Requirements’ Origin

  1. Scalability
  2. Multi-tenancy
  3. Serviceability
  4. Locality Awareness
  5. High Cluster Utilization
  6. Reliability/Availability
  7. Secure and Auditable Operation
  8. Support for Programming Model Diversity
  9. Flexible Resource Model
  10. Backward compatibility


To address the requirements, YARN lifts some functions into a platform layer responsible for resource management, leaving coordination of logical execution plans to a host of framework implementations. Specifically, a per-cluster ResourceManager (RM) tracks resource usage and node liveness, enforces allocation invariants, and arbitrates contention among tenants. By separating these duties in the JobTracker’s charter, the central allocator can use an abstract description of tenants’ requirements, but remain ignorant of the semantics of each allocation. That responsibility is delegated to an ApplicationMaster (AM), which coordinates the logical plan of a single job by requesting resources from the RM, generating a physical plan from the resources it receives, and coordinating the execution of that plan around faults.


The RM runs as a daemon on a dedicated machine, and acts as the central authority arbitrating resources among various competing applications in the cluster. Given this central and global view of the cluster resources, it can enforce rich, familiar properties such as fairness [R10], capacity [R10], and locality [R4] across tenants. Depending on the application demand, scheduling priorities, and resource availability, the RM dynamically allocates leases– called containers– to applications to run on particular nodes.
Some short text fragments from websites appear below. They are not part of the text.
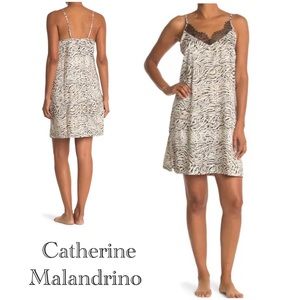 Sleepwear Lace Trim Animal Print Satin Chemise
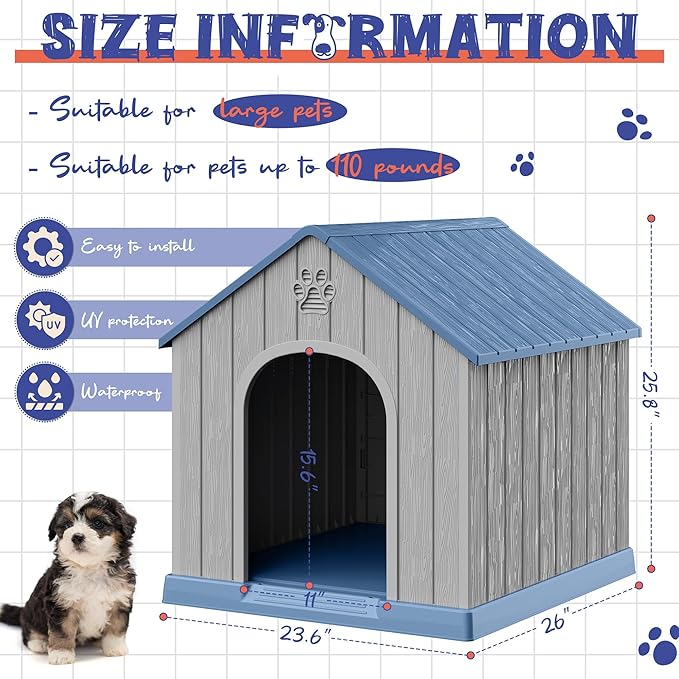 Dog House Outdoor Indoor, Plastic Small Dog House-Weatherproof & Insulated Design with Air Vents & Elevated Floor for Small to Medium Dogs, Easy Clean and Assemble (Blue)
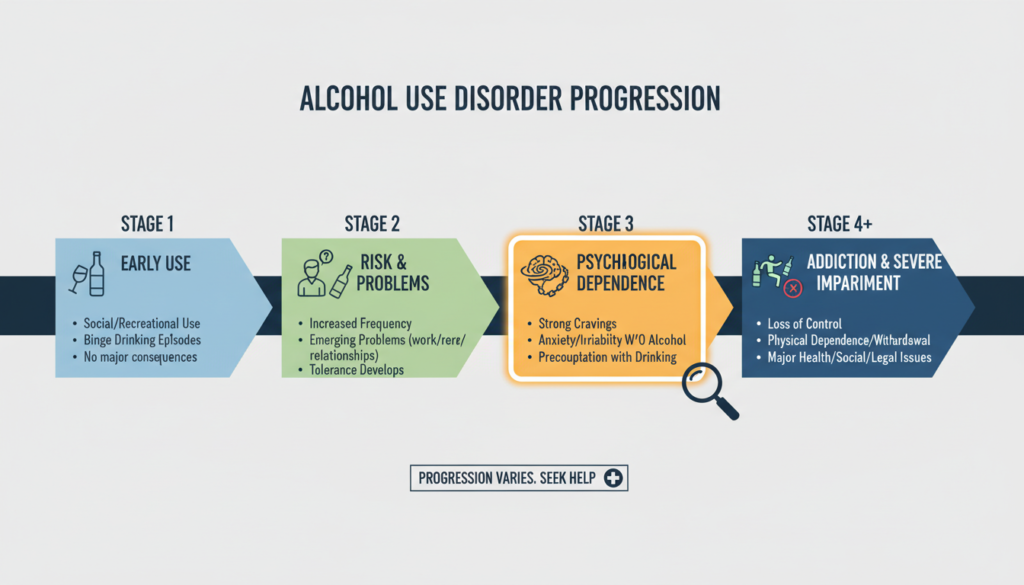 Progression of alcohol use disorder stages with Stage 3 Psychological Dependence highlighted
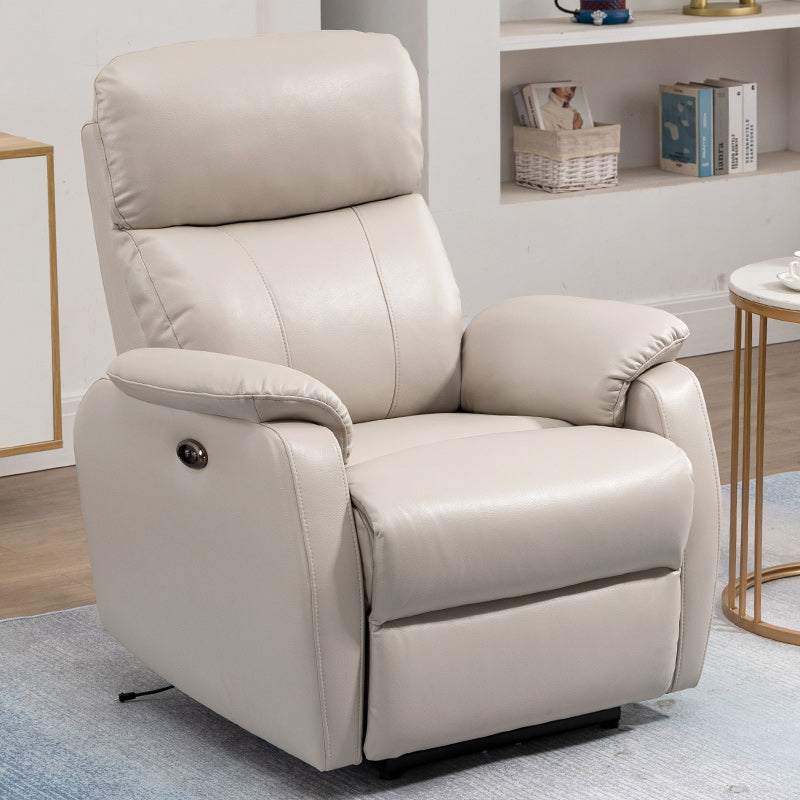 Contemporary Leather Recliner 32.7" Wide Standard Recliner with Footrest Light Grey Power - Push Button Clearhalo 'Chairs & Seating' 'furn' 'furn_recliners' 'Furniture' 'Living Room Furniture' 'Recliners' 6735947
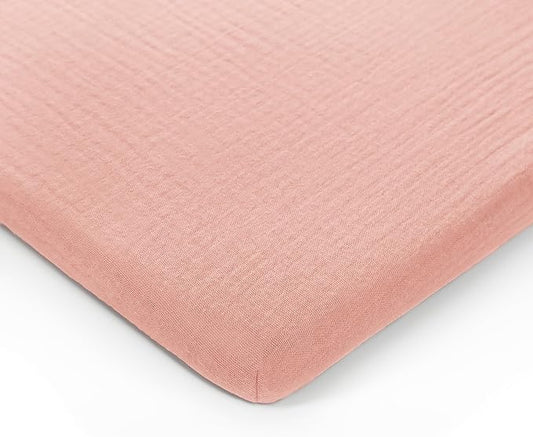 Comfy Cubs Muslin Bassinet Sheet - 100% Soft Cotton Fabric, Breathable & Gentle for Baby’s Sensitive Skin - Universal Fit with Secure Elastic Edging, Gift-Ready Packaging - Lace Pink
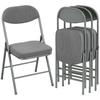 Set of Four Folding Corduroy Seat Chairs - Grey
The container is a logical bundle of resources (e.g., ⟨2GB RAM, 1 CPU⟩) bound to a particular node [R4,R9]. In order to enforce and track such assignments, the RM interacts with a special system daemon running on each node called the NodeManager (NM). Communications between RM and NMs are heartbeat-based for scalability. NMs are responsible for monitoring resource availability, reporting faults, and container lifecycle management (e.g., starting, killing). The RM assembles its global view from these snapshots of NM state.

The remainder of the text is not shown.